Songs Ruined By Pop Culture

One the of great properties of music is its ability to serve as a sort of emotional shorthand.  Songs about love or loss allow us to experience these feelings vicariously while also drawing upon our own pool of half-buried emotion.  Songs can have personal connections to us, but what I’m talking about are the broader, surface-level connections that we all feel to some degree.  Every time you hear Don Henley’s “The Boys of Summer” you don’t get a knot in your stomach thinking about a dark-haired girl I knew in 8th grade. But when we all hear The Beatles “Something” or Billy Joel’s “Just The Way You Are” we all feel an approximation of the same thing.

This ability to instantly invoke feeling makes music the perfect complement to film and television shows that want to underscore and heighten their down dramatic moments.  When used effectively, the results are memorable and wonderful.  That said, there are some songs that are used a little too frequently in films/shows, turning a wonderful thing into a cheat, a lazy-shorthand for actual emotion.  Worse, there are other uses of songs in various pop culture where, even when not overused, become so iconic that the song ceases to have a life outside this one specific use.  For me, these songs are ruined.   Perhaps ruined is too strong a word, but whenever a song becomes unlistenable without conjuring up residual cultural baggage that’s what it feels like to me.  Ruined.

Don't drop that thing on your head...

Don’t drop that thing on your head…

Here are some notable songs “ruined” by pop culture:

1. “Stuck in the Middle With You” by Stealers Wheel.  Most casual music fans are probably under the impression that this is a Bob Dylan song.  “Stuck in the Middle With You” feels like a Dylan song because the song was conceived as a spoof of Dylan.  The song was released in 1972 and by 1973 reached all the way to #6 on the Billboard Music Charts.
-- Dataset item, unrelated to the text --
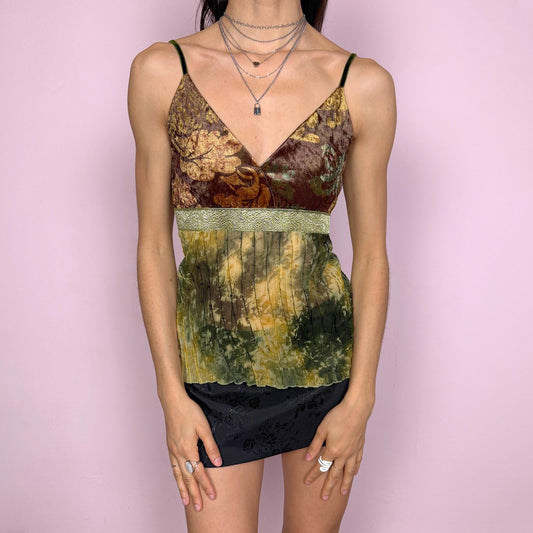 Vintage 2000s boho fairycore V-neck cami top with a stretchy fit, featuring a semi sheer panel in green and yellow tie dye and a brown floral velvet bust panel. Designed with a soft flowing silhouette and contrasting textures for a unique look. Perfect for summer, holiday, or vacation wear. Made from 45% cotton with polyester and elastane blend by a Spanish brand. Excellent vintage condition.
Songwriters Gerry Rafferty and Joe Egan put out two more albums and then disbanded, with Rafferty going onto have moderate solo success including a hit with his 1978 song “Baker Street.”  The song probably would have remained a curiosity/answer to a trivia question had director Quentin Tarantino not resurrected the song for his feature film debut Reservoir Dogs.  The song took on a fresh, demonic connotation when Mr. Blonde, played by Michael Madsen, gleefully tortures a policeman while dancing to the track.   Now 99.99% of people are unable to hear “Stuck in the Middle With You” without thinking about ears being lopped off.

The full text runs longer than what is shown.